Have you heard the one about the eagle, the deer, the turkey, the otter and the osprey?

It’s no joke. Our local waters and the land around them are thriving with wildlife that from time to time shows to those who are paying attention.

I am heartened when I see animals that are not on our day-to-day radar, as it’s a signal that nature is holding its own despite human intrusion.

Seeing fish during a fishing trip is to be expected because my attention is riveted to the water and I’m lobbing lures that I know from experience will prompt them to react and show themselves.

Spotting other wildlife while fishing is a bonus. I observed the five species mentioned above within a single hour of a recent fishing trip. In 60 minutes, five animals normally considered rare or shy shared the air and water with me for a couple of minutes.


Over the years, I’ve also seen foxes, coyotes, beavers, many species of stalking shore birds and waterfowl, owls, snakes, giant snapping turtles, alligators, songbirds, raccoons and more. It’s a zoo out there.

Not so long ago, seeing an eagle was an alert-the-media event. Until recently, I had seen otters only in nature documentaries. Wild turkeys were so rare in Ohio that they were declared extinct here in 1904. Osprey sightings were limited to coastal regions, and the only deer most of us saw were the occasional nocturnal encounters in our cars’ headlight beams.

The animals my grandparents might never have seen in natural settings are these days, while not as common as squirrels and robins, much more likely to cross paths with us.

Our region’s lakes and rivers are the places where the odds are in our favor to see eagles, turkeys, otters and more.

All of this is good news for those of us who fish. Growing wildlife populations is a strong indicator that the environment and habitat are capable of sustaining life that requires lots of food and a minimum of hazard chemicals and other dangers.

When nature is bountiful and clean, the fish that swim in our waters also benefit. Bass, walleyes, crappies, bluegills, perch, muskies and catfish are all doing comparatively well in the waters where the eagles, deer and otters come to eat and drink.

We must not take any of this for granted.

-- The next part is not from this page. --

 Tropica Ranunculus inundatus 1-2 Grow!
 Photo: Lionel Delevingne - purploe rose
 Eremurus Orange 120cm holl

While it’s great to see the current state of abundance among birds, fish, mammals and reptiles, we have no guarantee they will be as plentiful in the years ahead.

We cannot let our waters get as polluted as they were when municipal and industrial wastewater and mining run-off fouled them with toxic chemicals and other filth. We need to guard against overharvest and poaching.

We must address the situation in the western region of Lake Erie where agricultural fertilizers wash into the big lake and feed the massive blue-green algae blooms that choke out light and reduce the oxygen that western basin walleye, perch, smallmouth bass and other species require.

We must speak up when special interests ask legislators and regulators to relax the rules that have helped clear our water, our air and our landscapes.

Our lakes and rivers are doing well. It’s our obligation to keep them healthy.